**** TASK INPUT
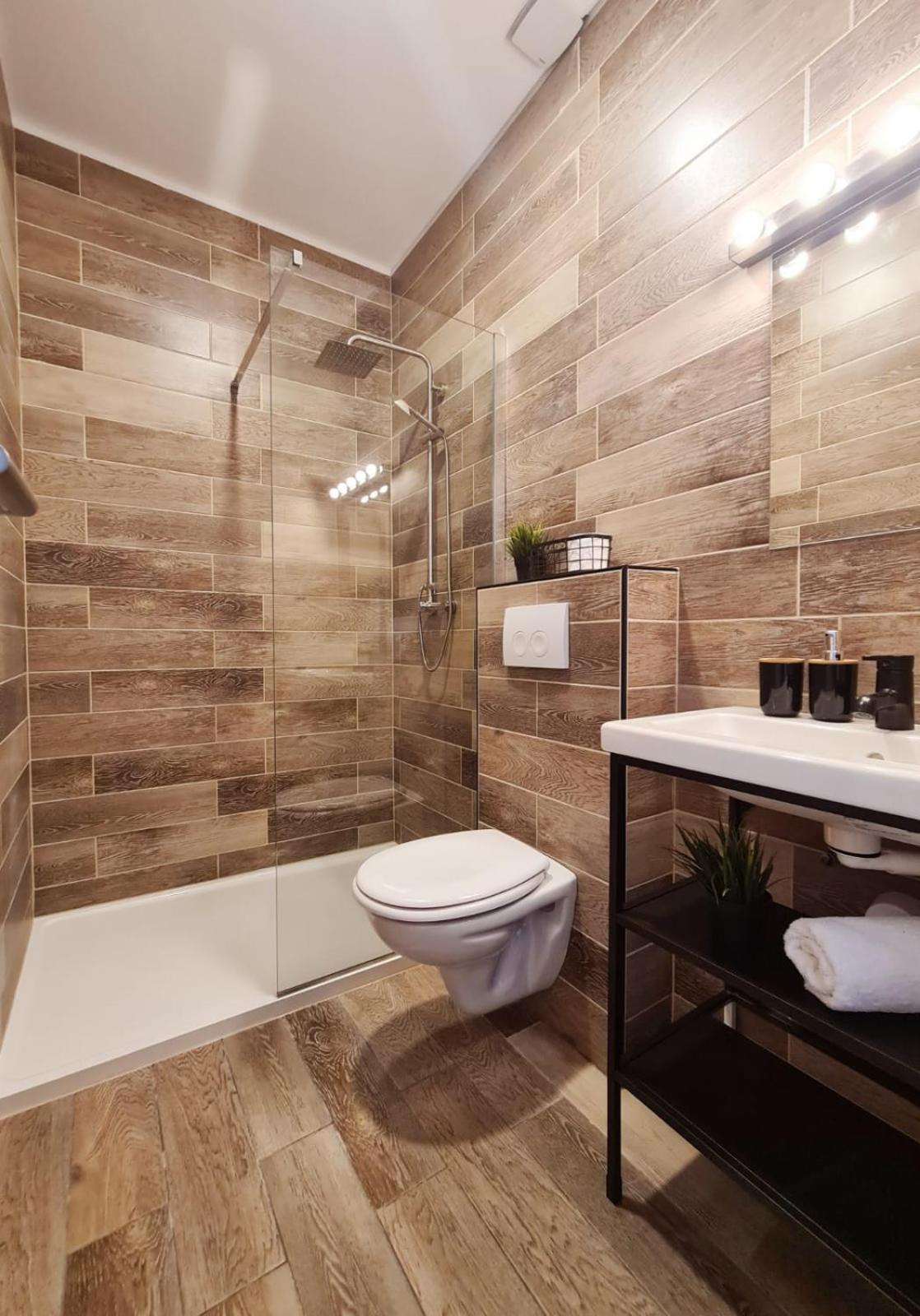 Double Room with Private Bathroom - Photo 25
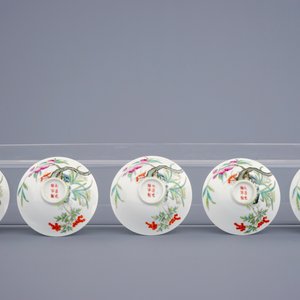 Un lot de 9 coupes en porcelaine de Chine famille rose aux pêches, marque et période de Guangxu — photo 3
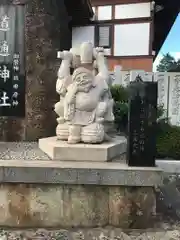 道通神社の像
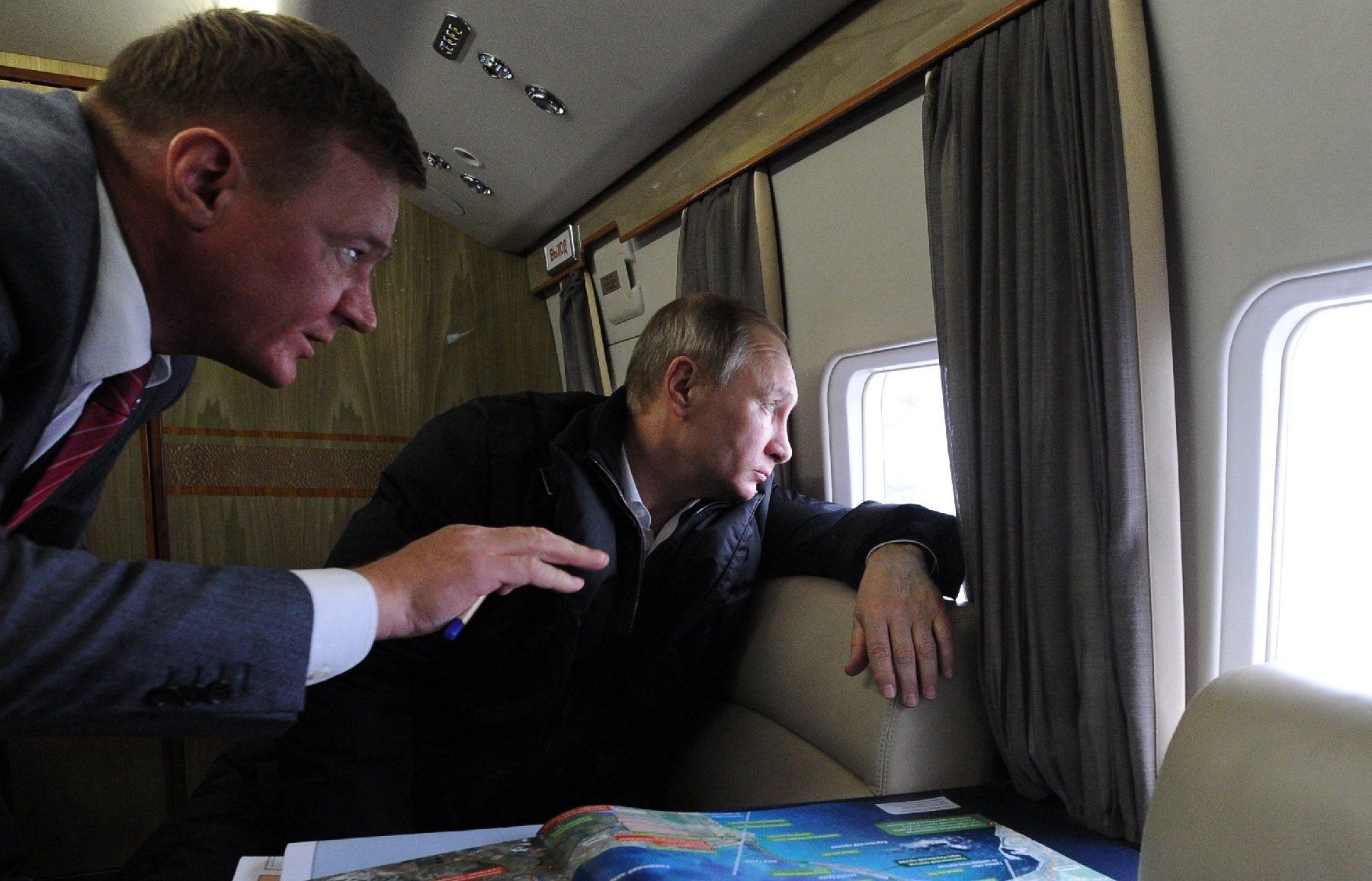 L'ex-ministre russe des Transports Roman Starovoït, ici avec le président russe Vladimir Poutine dans un hélicoptère le 18 mars 2016.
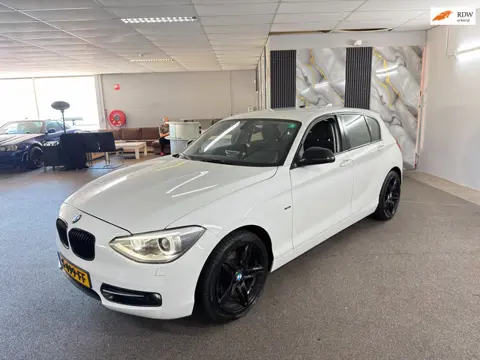 BMW 1-serie 118i Apk Nieuw,Bi-Xenon,Carplay,Clima,Parksensor,N.A.P,Lm velgen,2 sleutels+Boekjes,Tops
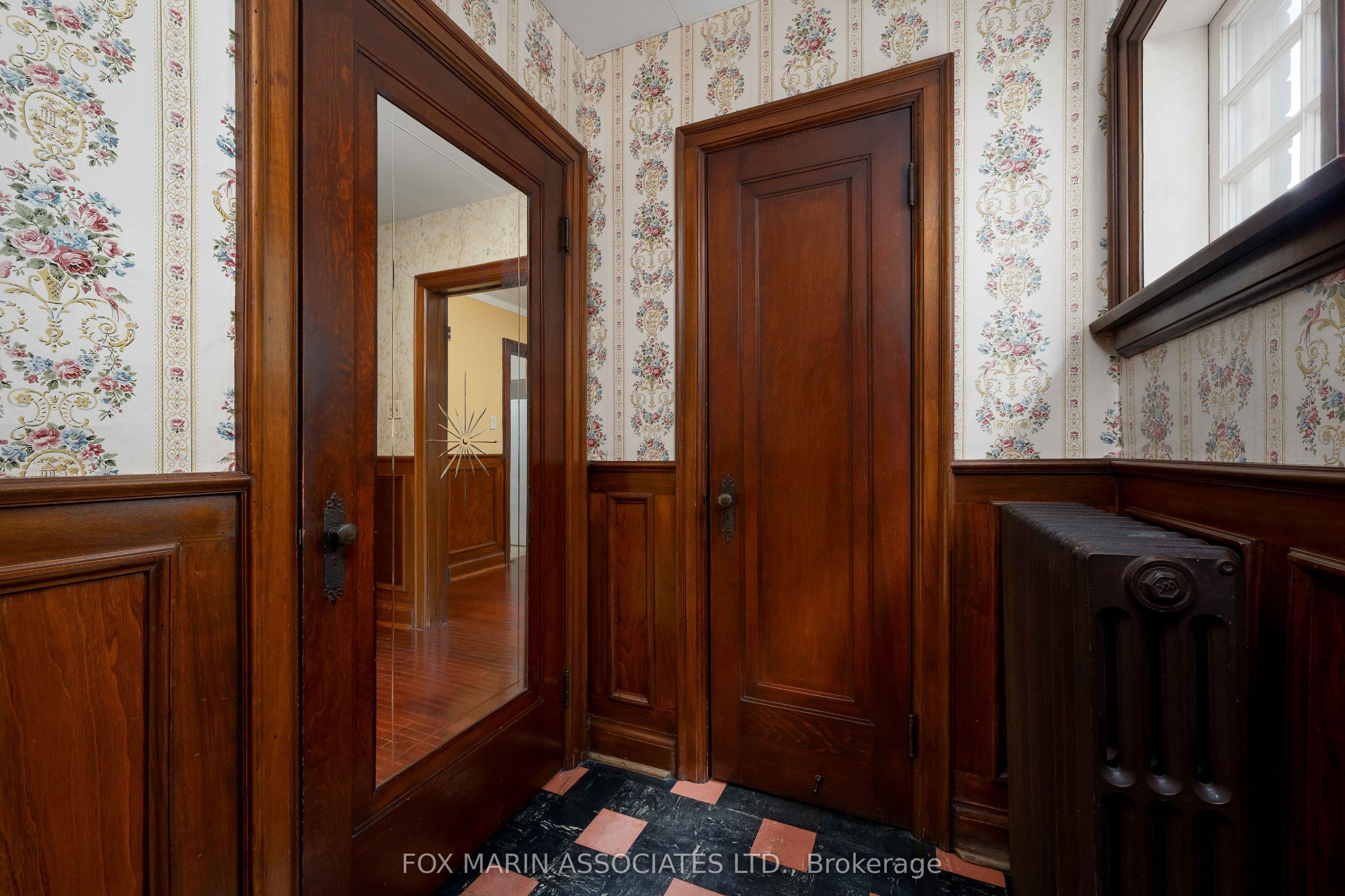 26 Claxton Boulevard, Toronto, ON M6C 1L8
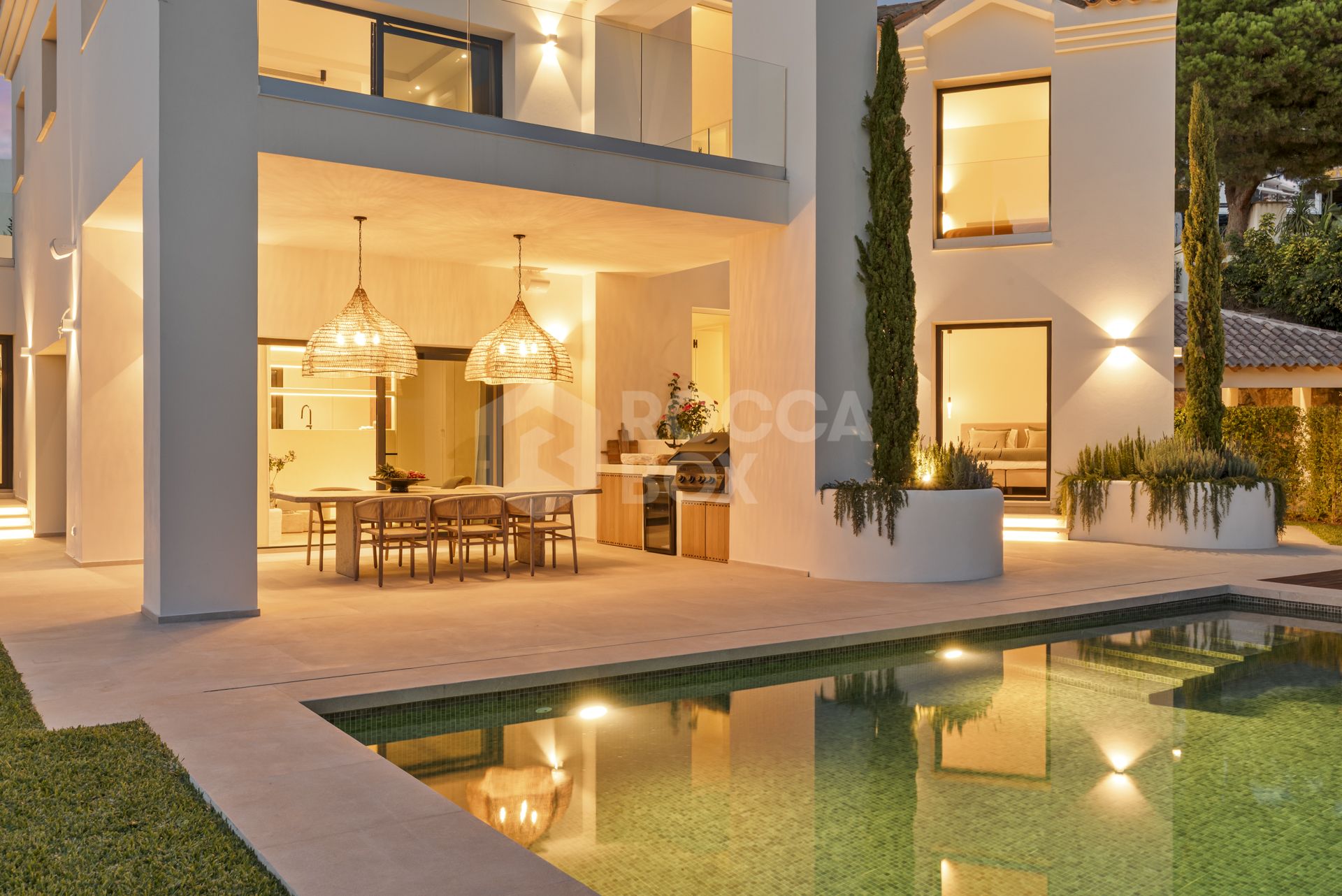 Exclusive 4 bedroom villa completely renovated in La Alqueria, Benahavís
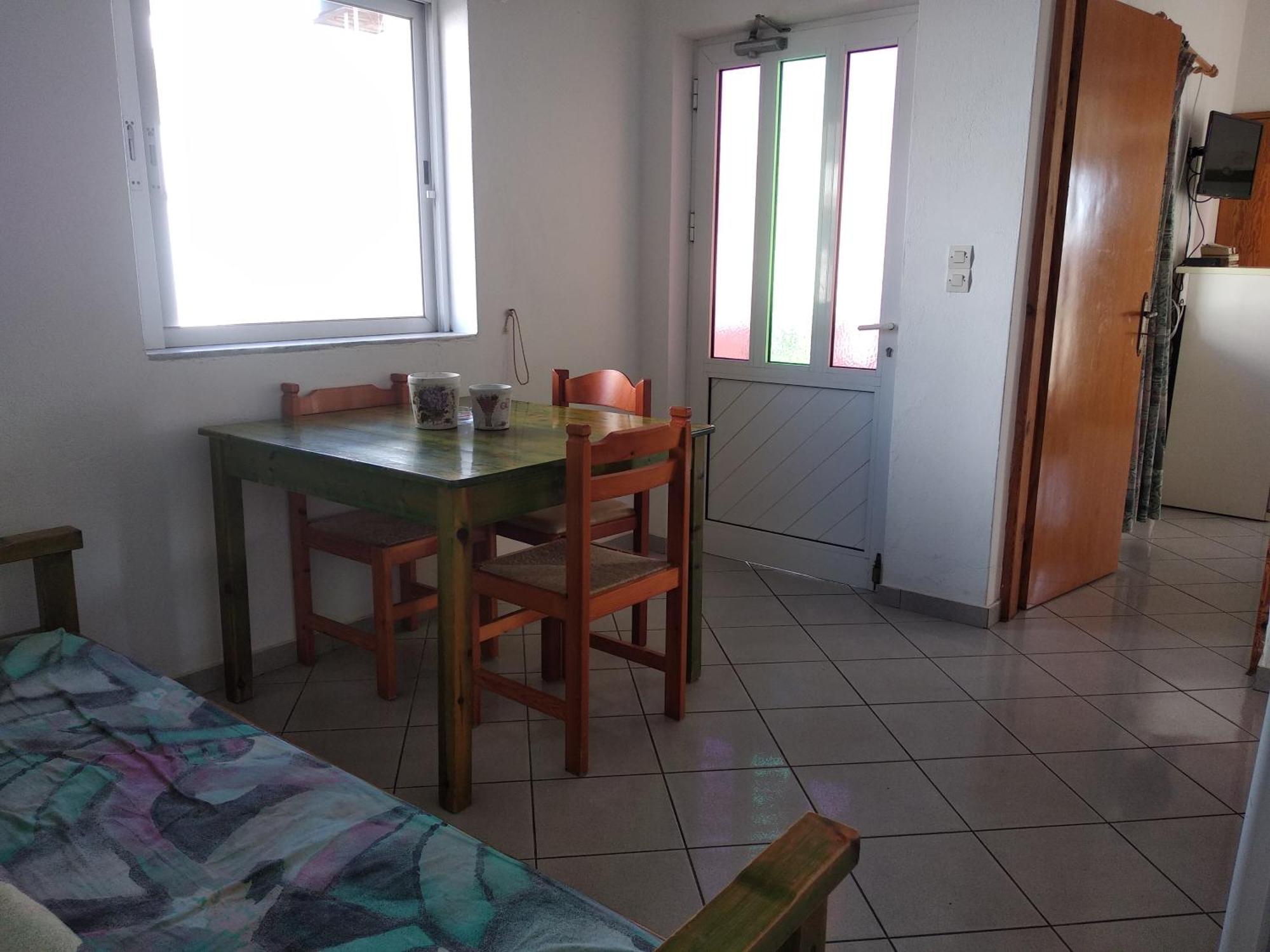 Ton Mari Apartments Palaiochora Esterno foto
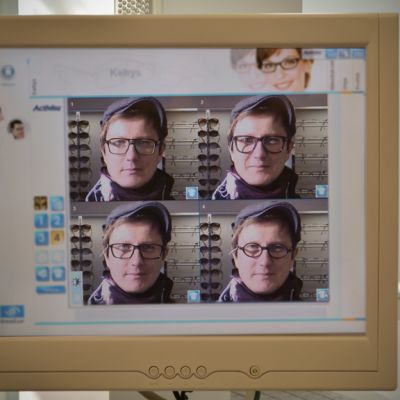 Kuvantamislaite saa näkymään neljät kehykset yhtä aikaa ja tämä voi helpottaa valintaa.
********
EXERCISE OBJECTIVE: Copy the listing above exactly, minus the pictures.

ANSWER FOR THE TASK:
 Double Room with Private Bathroom - Photo 25
 Un lot de 9 coupes en porcelaine de Chine famille rose aux pêches, marque et période de Guangxu — photo 3
 道通神社の像
 L'ex-ministre russe des Transports Roman Starovoït, ici avec le président russe Vladimir Poutine dans un hélicoptère le 18 mars 2016.
 BMW 1-serie 118i Apk Nieuw,Bi-Xenon,Carplay,Clima,Parksensor,N.A.P,Lm velgen,2 sleutels+Boekjes,Tops
 26 Claxton Boulevard, Toronto, ON M6C 1L8
 Exclusive 4 bedroom villa completely renovated in La Alqueria, Benahavís
 Ton Mari Apartments Palaiochora Esterno foto
 Kuvantamislaite saa näkymään neljät kehykset yhtä aikaa ja tämä voi helpottaa valintaa.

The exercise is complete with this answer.